→ **About this task**
Could you transcribe every record below exactly as written, leaving out any pictures?

(Scraped caption text data)
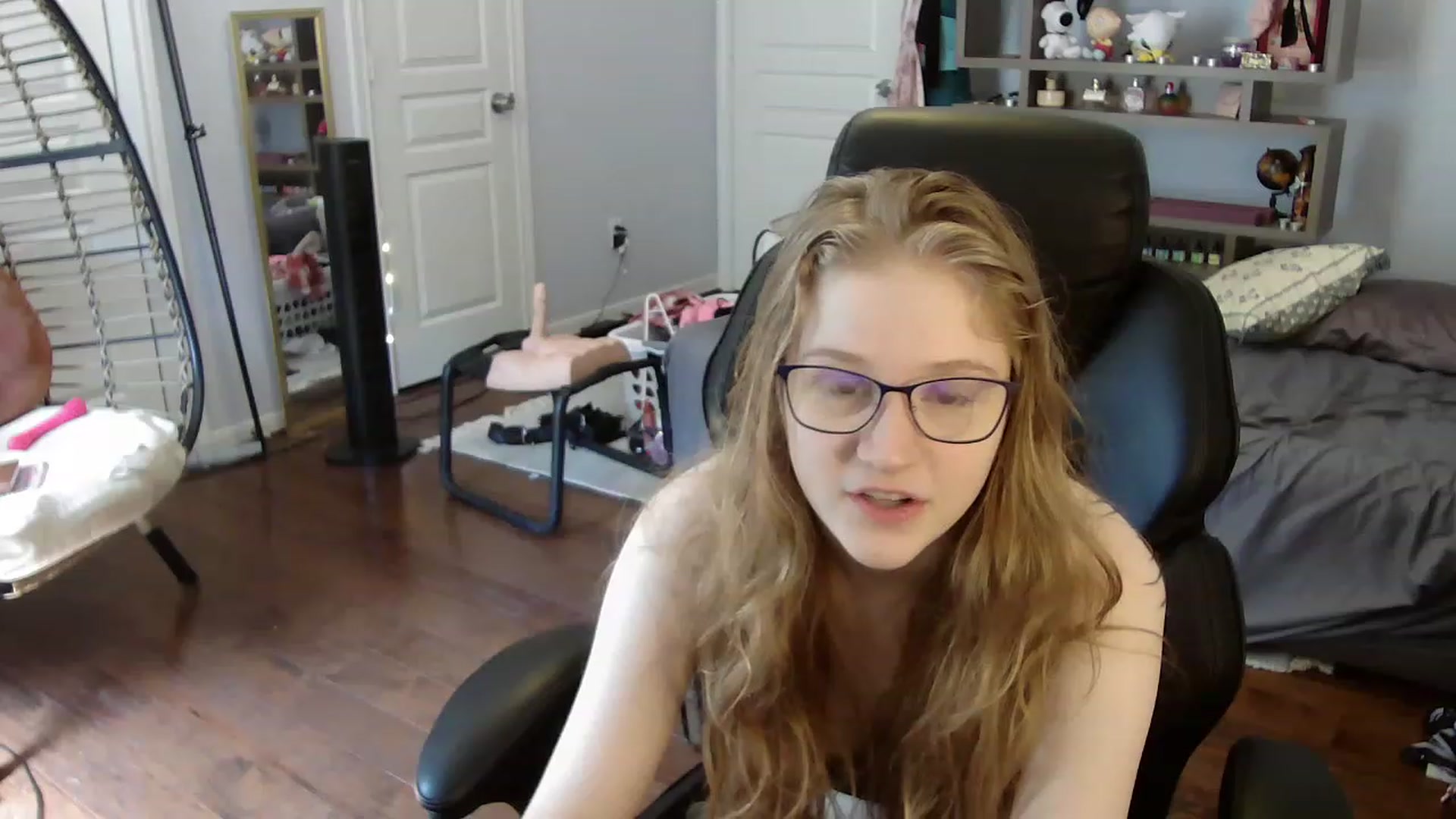 Gallery image thumbnail from Bunnydathug's myfreecams stream on, 06/10/2023, 15:37 image 16 of 20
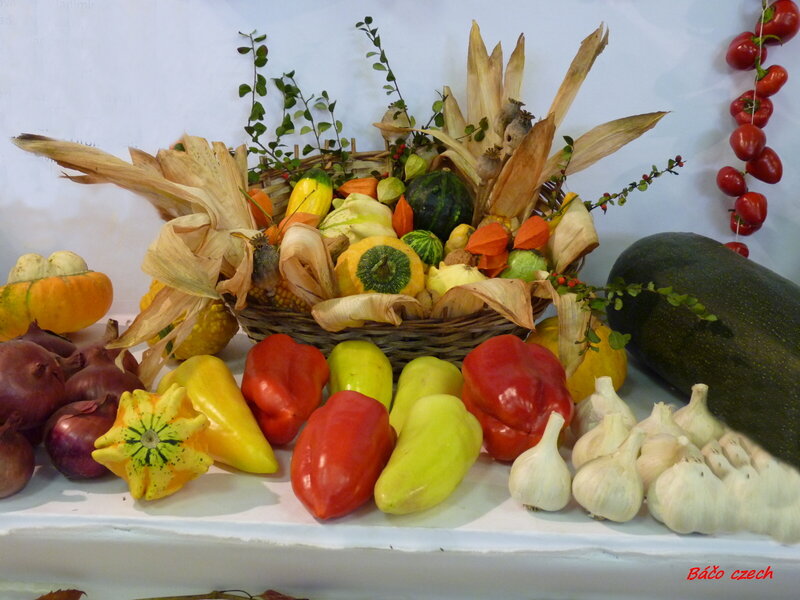 Autumn Harvest Display — Yellow
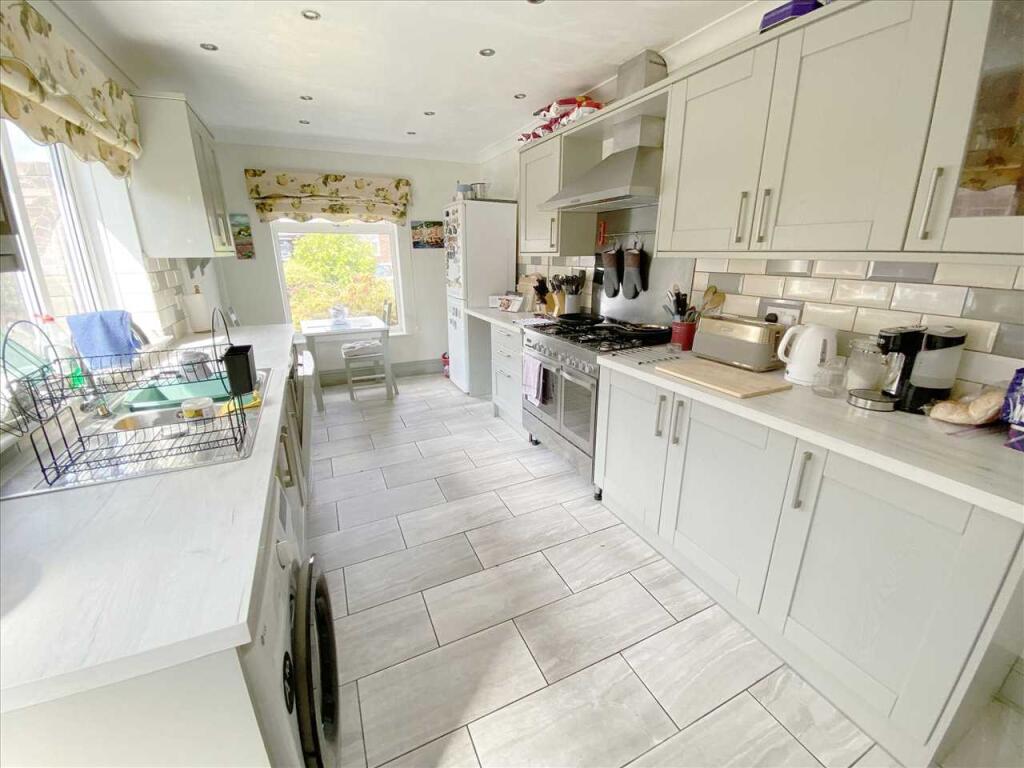 Dining Kitchen:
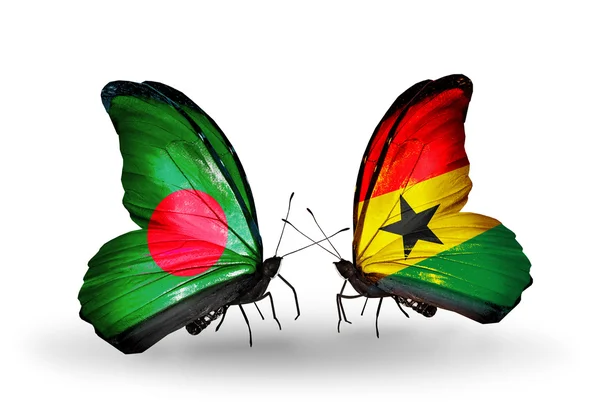 Mariposas con banderas de Bangladesh y Ghana en alas — Foto de Stock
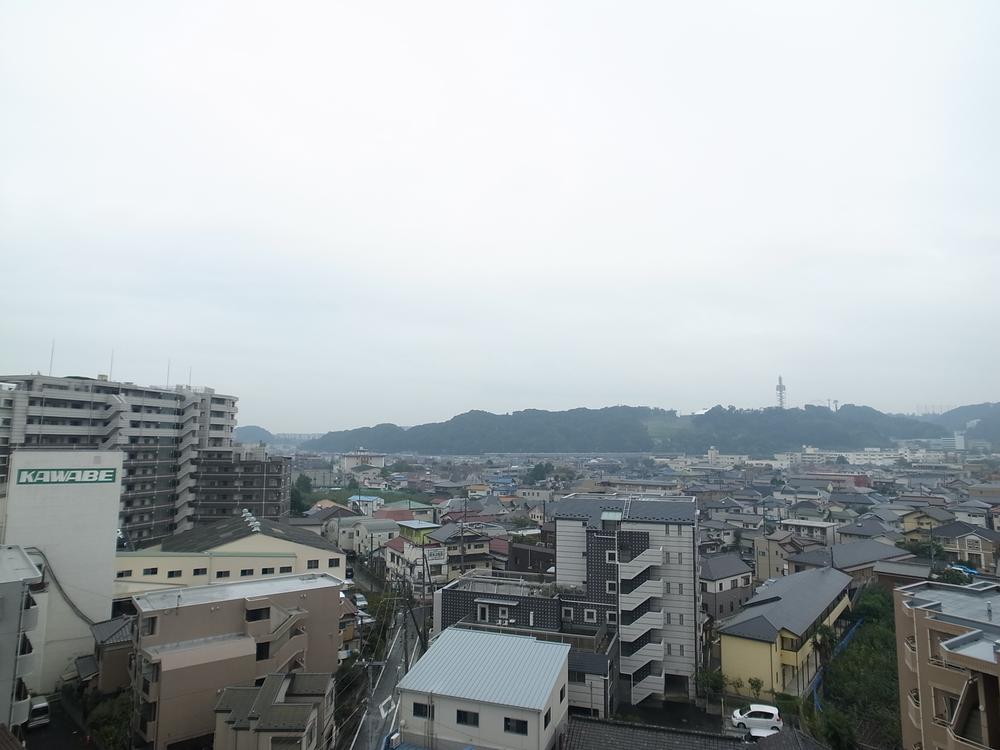 View photos from the dwelling unit. View from the site (October 2013) Shooting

→ **Result below**
 Gallery image thumbnail from Bunnydathug's myfreecams stream on, 06/10/2023, 15:37 image 16 of 20
 Autumn Harvest Display — Yellow
 Dining Kitchen:
 Mariposas con banderas de Bangladesh y Ghana en alas — Foto de Stock
 View photos from the dwelling unit. View from the site (October 2013) Shooting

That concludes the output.